Researchers at Eindhoven University of Technology (TU/e), Eindhoven, the Netherlands, have developed a method for immediately converting gaseous, low-molecular-weight alkanes including methane, ethane, propane and isobutane to more complex compounds. The reaction occurs in a continuous-flow photoreactor at room temperature using a decatungstate catalyst being irradiated with a 365-nm light source.

“While the activation of liquid alkanes with decatungstate has been known about for many years, the activation of gaseous alkanes is much more challenging,” says Tim Noël, associate professor with the micro flow chemistry and synthetic methodology group in TU/e’s department of chemical engineering and chemistry.

Achieving success, he adds, requires addressing two fundamental problems: prohibitively high bond dissociation energies of C-H bonds in gaseous alkanes, which makes them very tough to activate, and the technological challenges of bringing them into contact with a photocatalyst.

The new reaction also avoids the extreme conditions currently needed to activate the C-H bonds in liquid alkanes, later purification steps and associated byproducts.

The researchers carried out 38 different reactions between light alkanes and olefins. Conversion levels varied from 56.7% to 97.6% and yields from 47.9% to 91.5%. An article in a recent issue of Science provides details.

“The maximum capacity of the reactor we have got to so far is 15 mL. However, this is a commercially available reactor that can be scaled by a factor of ten — which would lead to production of 10–20 g/hr under current conditions,” explains Noël.

He believes a rotor-stator spinning disk reactor (RS-SDR) that the group currently is developing could produce better results.


Figure 1. Conversion of gaseous alkanes to more complex compounds occurs at room temperature.
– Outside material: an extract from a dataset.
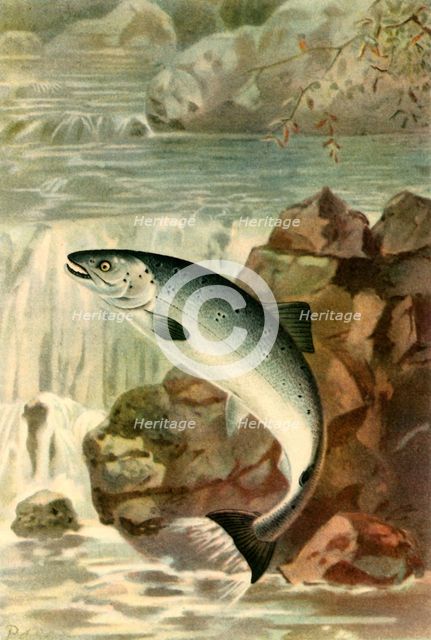 'A Salmon Leap', 1895, (1943).  Creator: P. J. Smit.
Source: Timothy Noël, Eindhoven University of Technology.

“The advantage of this reactor is that it provides highly intensified mass transfer between the gas and the liquid phase. As we have shown for a singlet oxygen reaction, this not only leads to high yields in short reaction times but also to increased selectivity, i.e., excellent process optimization. We anticipate that similar results are feasible for methane/ethane/propane activation.”
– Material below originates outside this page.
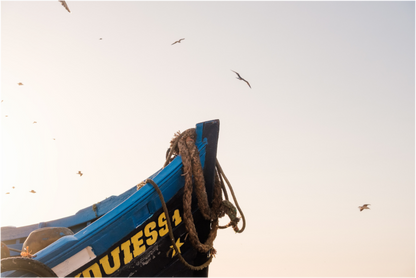 Sarah Varlet - Photo Affiche Poster - Décoration - Voyage Essaouira Maroc Barques bleues - coucher de soleil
The RS-SDR has a capacity of 64 mL, which eventually should enable 1 kg/d production by the end of 2022.

Noël’s team also is looking for catalysts that can activate C-H bonds in the visible light spectrum. “Sources such as LED technology are much cheaper and more energy efficient,” he notes.

He anticipates a great deal of interest from industry in the new technology once the team demonstrates that the chemistry involved can be scaled.